This is her in the first part of the story, ie. before promotion, so she's still a student.

previous iteration was her in a later bit of the story. I'll probably redo her later outfit to be a blazer as well (likely with more medals/military decoration things) but she does cut her hair and put it up in a ponytail during combat.

the uniform is navy blue and gold, her buttons are on the wrong side because it's her brother's blazer altered to fit her.
her family/background is a bit poorer, so unlike the other students (wear ribbons) she wears a simple scarf. Even though she could buy a brand new uniform with the money that she's allotted by the school, she still chooses to be frugal about it.


----------



## Mikaiah (Aug 19, 2020)

some cuties I've been drawing haha





lil quickie I did for my sig. Might take requests for similar cheebs but no promisesss (i did that one p quick so quality may vary haha)


----------



## Mikaiah (Aug 19, 2020)

Since fair haikus have gotten me all inspired to write poetry again, I figured I might post some of my previous work:

_prismatic._
beginning, in the heart of the jungle.
day after day, life passed automatically
until one day I did stumble
upon You, then saw the world prismatically.

continued, despite gnawing fear.
You took the seat next to me, silent
through danger, looming near,
yet We become fools, our colors ever vibrant.
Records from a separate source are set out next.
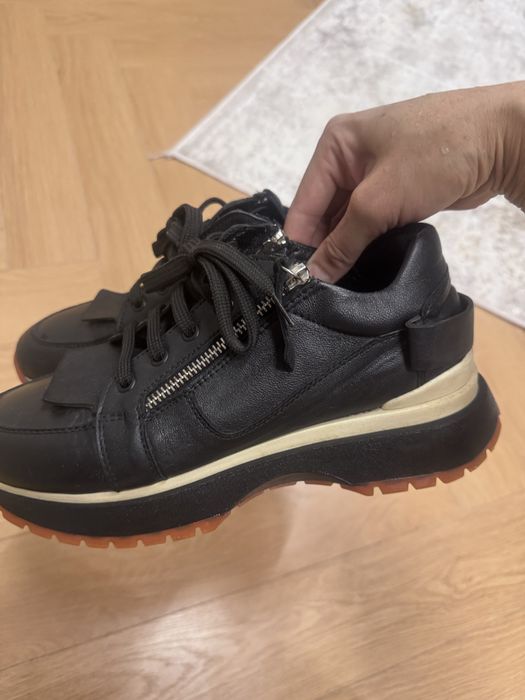 Продам кожаные кроссовки Тучино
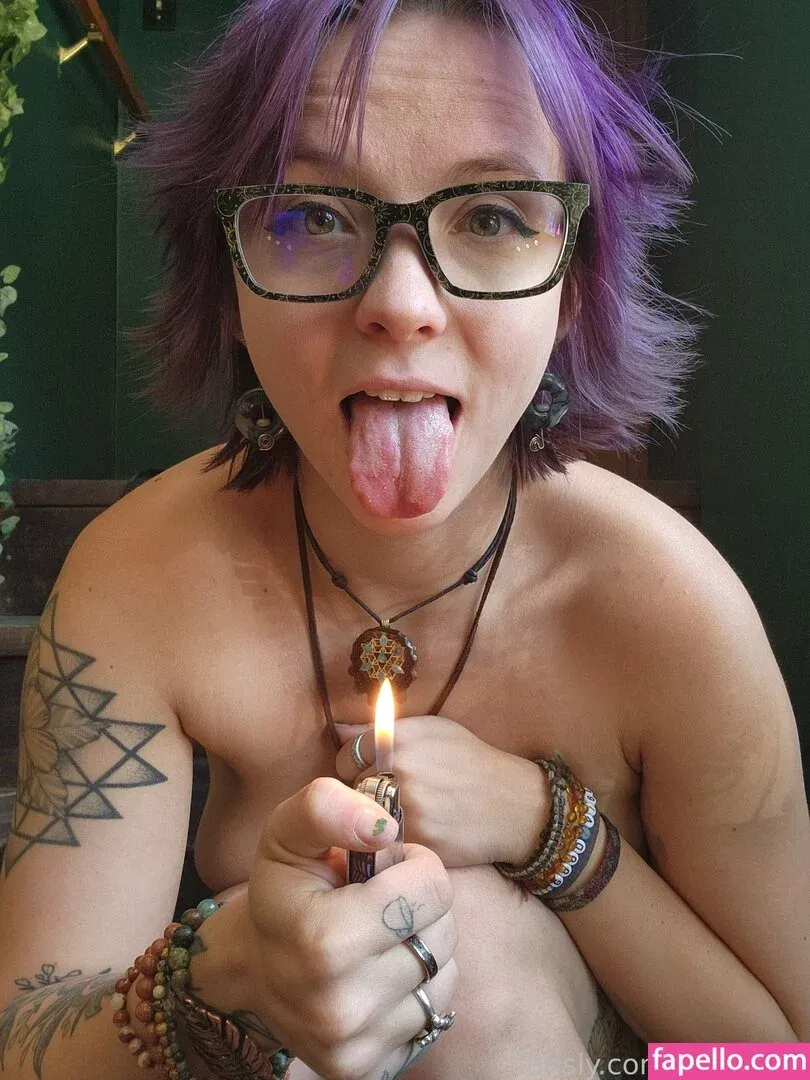 Mavissky Onlyfans Photo Gallery 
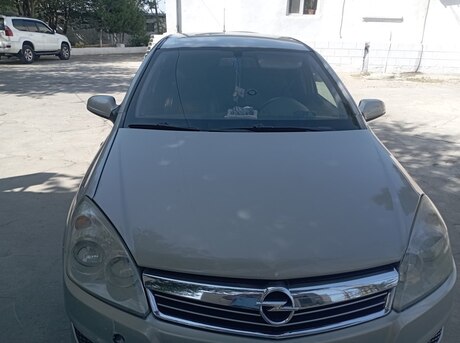 Opel Astra 2007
fools we were, in the end.
they took, and slashed You open.
_but whom did we offend?_
I thought, as I stood there frozen.

leave a world for Queens and Kings,
renew passion with Our newfound wings.


author's commentary: old one I did for a final project in my Creative Writing seminar around 2? years ago now. Time flies.
Structure was inspired by a Shakespearean Sonnet, though I abandoned meter in the end, because I found it difficult to constrain the Rhyme, Story, and Meter in this one. Got a lot to learn, haha.

_101._
it was one clear day
when i met you.

you asked to work,
to learn the mysteries
of the world.

conflicted,
i sent you away once
though next,
i came to retrieve you
once again.

author's commentary: just a small free verse on meeting someone and not knowing whether to welcome them or to turn them away

idk if anyone's interested in reading more, but I posted my haikus in the contest thread!

& as always, C&C very welcome & appreciated!


----------



## Mikaiah (Aug 21, 2020)

_raindrops._


Spoiler



you sit behind a window, looking outside.
you walk in the rain, covered head to toe.

you see a man walking in the rain, holding a banana.

and you ask,
why?

hours and hours of endless thinking.
pondering. reasoning.
what do you do?
sit.
observe.
look at the pain of others,
unemotionally.
disjointedly.
as if you couldn’t give a single care about
why.

you’d care about him
about as much as you care
about the raindrops falling outside,
as much as you care about
anything:
only when it’s convenient. 

then after that, swept up.
a whirlwind of tasks.
why care for anyone but yourself?

even when you see someone
stumbling staggeringly in the rain
alone,
while you are comfortable,
pristine and dry,


and you turn away,
passing by,
without a single care in the world.



Inside a spoiler because it is quite long.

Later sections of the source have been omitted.